Поручик хотел назвать себя, но пригляделся и понял: это уже лишнее. Красный командир Ереемев отбыл по повестке.

Надо было встать.

Он встал.

Хватило сил закинуть за спину карабин, поправить фуражку, сделать первый шаг. «Будет дождь холодный, будет дождь холодный, будет дождь холодный мои кости обмывать…» Нет, товарищ Еремеев из 30-й Иркутской, нам с вами пока не по пути. Повестку не выписали! «Будет ворон чёрный, будет ворон чёрный…»

В ушах шумело, боль никак не желала уходить, перед глазами плясали оранжевые чертики. Он мог думать лишь о том, что надо идти. Второй шаг… пятый… двенадцатый.

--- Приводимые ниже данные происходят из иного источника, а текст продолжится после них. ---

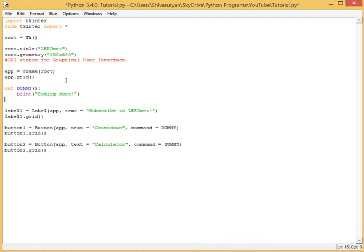So, define dummy. Print, coming soon. We can replace it, we could, but the thing is we might want to keep it in case we make some more buttons. Because if we make more buttons and we don't have the time or knowledge to write the code to execute the command, we could just use the dummy function until we can write the code.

Когда поручик оглянулся, было уже поздно. Черные всадники мчались прямо на него.

2

Телефон надрывался, но Виктор Вырыпаев не спешил поднимать трубку. Ничего хорошего от звонка он не ждал, настроение же и так с утра было препаршивым. К тому же всю внешнюю политику техгруппы прочно узурпировал Семен Тулак, и батальонный опасался по неопытности влипнуть в очередную неприятность. Но цыганистый пребывал в нетях, а телефон упорно не желал умолкать. Выбора не было.

– Алло? Техгруппа, Виктор Вырыпаев.

– Товарищ Вырыпаев? – радостно откликнулась трубка. – Здоров будь! Каннер Гриша беспокоит.

Альбинос обреченно вздохнул. Все радости уже есть, Гриши Каннера не хватало.

– Семен в отъезде? Знаю, знаю. Как вернется, пусть брякнет, мне тоже интересно, чего там на Сеньгаозере. «Мне», как ты понимаешь, значит, не только мне. И не столько. А ты над чем работаешь? Над обезьянами?